::: Dataset extract

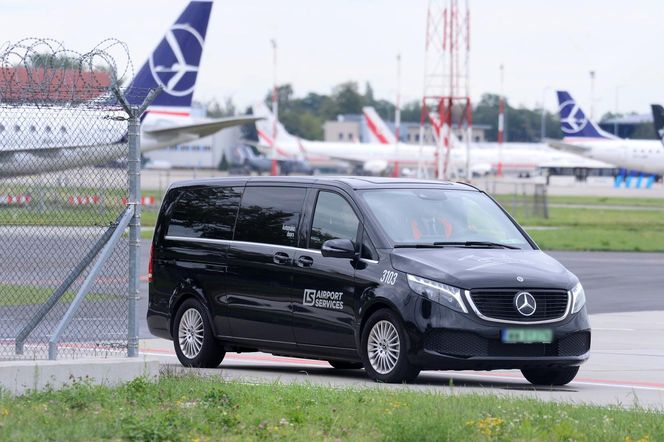 Jennifer Lopez wylądowała w Warszawie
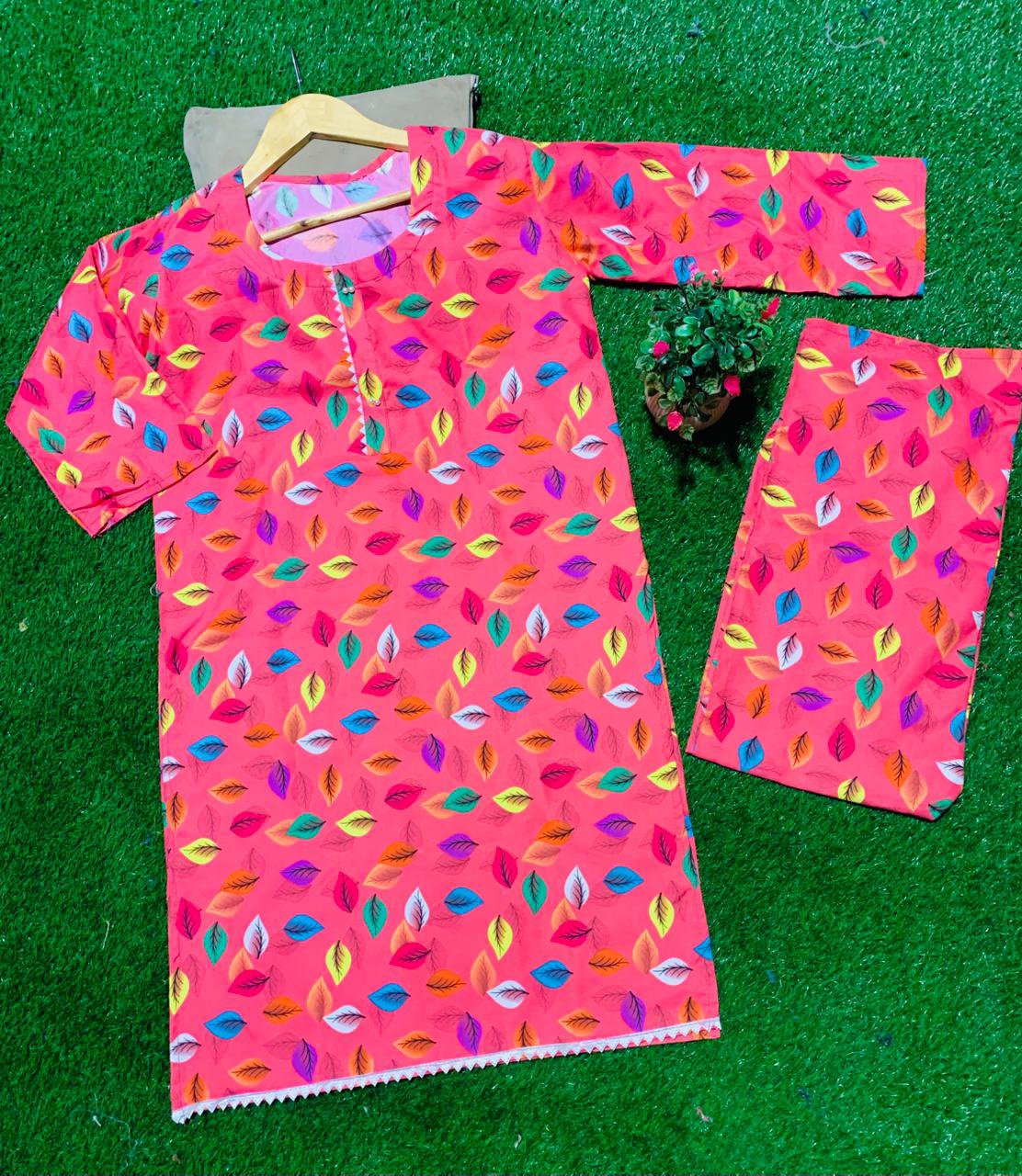 Vibrant Printed Khaddar Suit 🍁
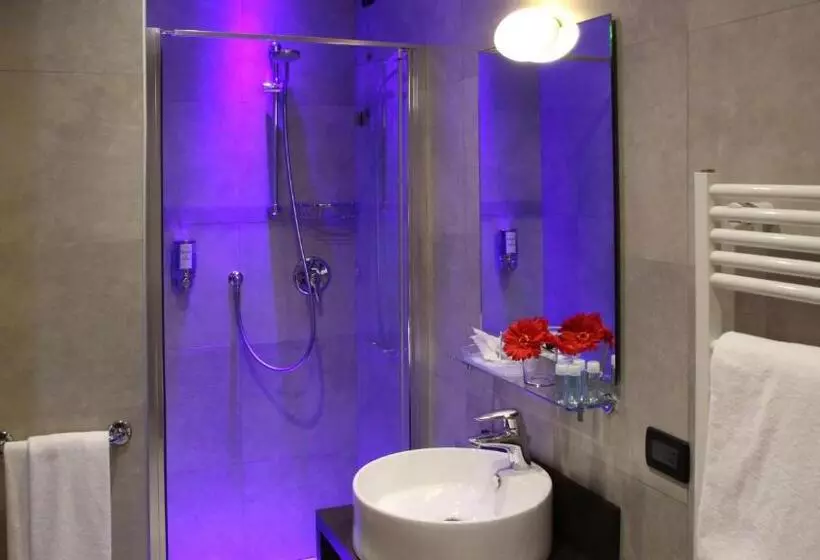 اتاق راحتی, Elite Hotel & Spa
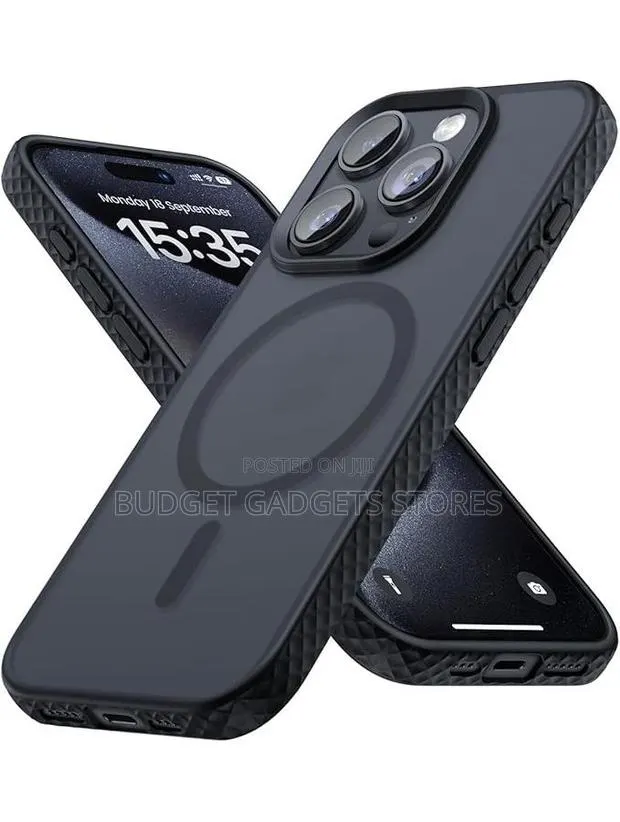 Magnetic Case for iPhone 15 Pro · Photo 1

::::::

The task :: Write out the material exactly, excluding pictures.

Written answer ::
 Jennifer Lopez wylądowała w Warszawie
 Vibrant Printed Khaddar Suit 🍁
 اتاق راحتی, Elite Hotel & Spa
 Magnetic Case for iPhone 15 Pro · Photo 1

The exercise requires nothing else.